Convegno Fai, don Jaroslav: la città “virtuale” e la crisi della città reale

Ragionando sui temi della “Percezione consapevole di ambienti e spazi significativi”, oggetto degli incontri organizzati all’Auditorium dei Poveri dal Fai di Rieti in collaborazione con «Frontiera», don Jaroslaw Krzewicki, vicario generale del vescovo di Rieti, ha colto un aspetto del disagio urbano nella progressiva “virtualizzazione” dei rapporti umani: «Oggi c’è questo rischio dell’individualismo, che si mescola con un certo “assenteismo”: l’uomo che si nasconde, l’uomo che si isola». Anche perché sembra come sedotto da una “mela virtuale”, da una illusione: «l’uomo lascia lo spazio urbano, non ci si ritrova più. Si crea la sua second life virtuale, come era di moda qualche tempo fa. Sono fenomeni interessanti. Sembrano avere più fascino della natura. Ci crediamo capaci di creare una realtà più bella di quella che ha fatto il Signore, ci sembra di essere più creativi: gli spazi virtuali sono più attraenti».

Ma le relazioni sono meno impegnative: «basta che ci chiudono la corrente e non esistono più, tutto muore» ha sottolineato il sacerdote. Eppure negli spazi virtuali «svolgiamo le nostre attività, investiamo le nostre speranze, costruiamo le nostre nazioni. Questi sono gli spazi che vincono, che attraggono, che si aprono. La realtà forse non ci interessa più. Ci interessa “l’effetto” immersi in quel mondo inesistente che ci creiamo ad uso privato, che neanche ci interessa condividere con gli altri».
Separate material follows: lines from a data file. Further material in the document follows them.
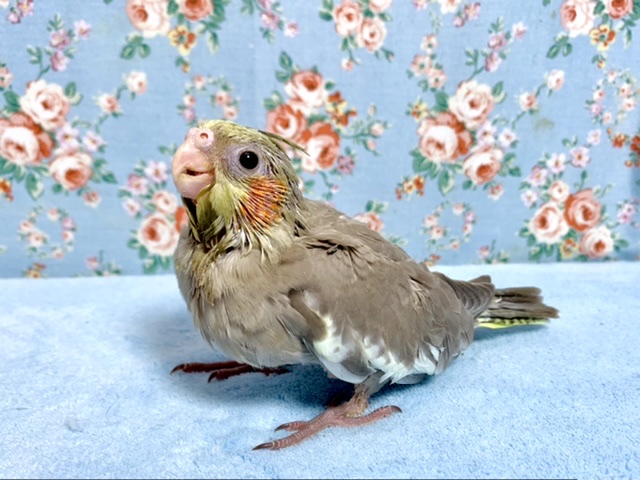 オカメインコ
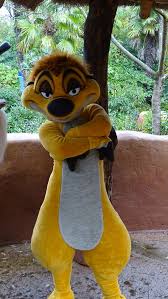 Nov 2015 Disneyland Paris Timon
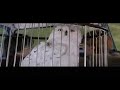Thomas The Tank Engine Bass Boosted In Harry Potter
«Nel nostro tempo la tecnica rende gli spazi comuni sempre “di passaggio”» ha evidenziato don Jaroslav, aggiungendo che questo fatto non è slegato dal mondo virtuale che si è creato. Se la vita si svolge davanti ad uno schermo cosa serve se non «autostrade che uniscono i dormitori?» Un paradosso che dipende «da un modo reale nel quale siamo di passaggio. Appena usciamo dobbiamo raggiungere un obiettivo. La vita è diventata molto frenetica, molto veloce, ma anche molto limitata».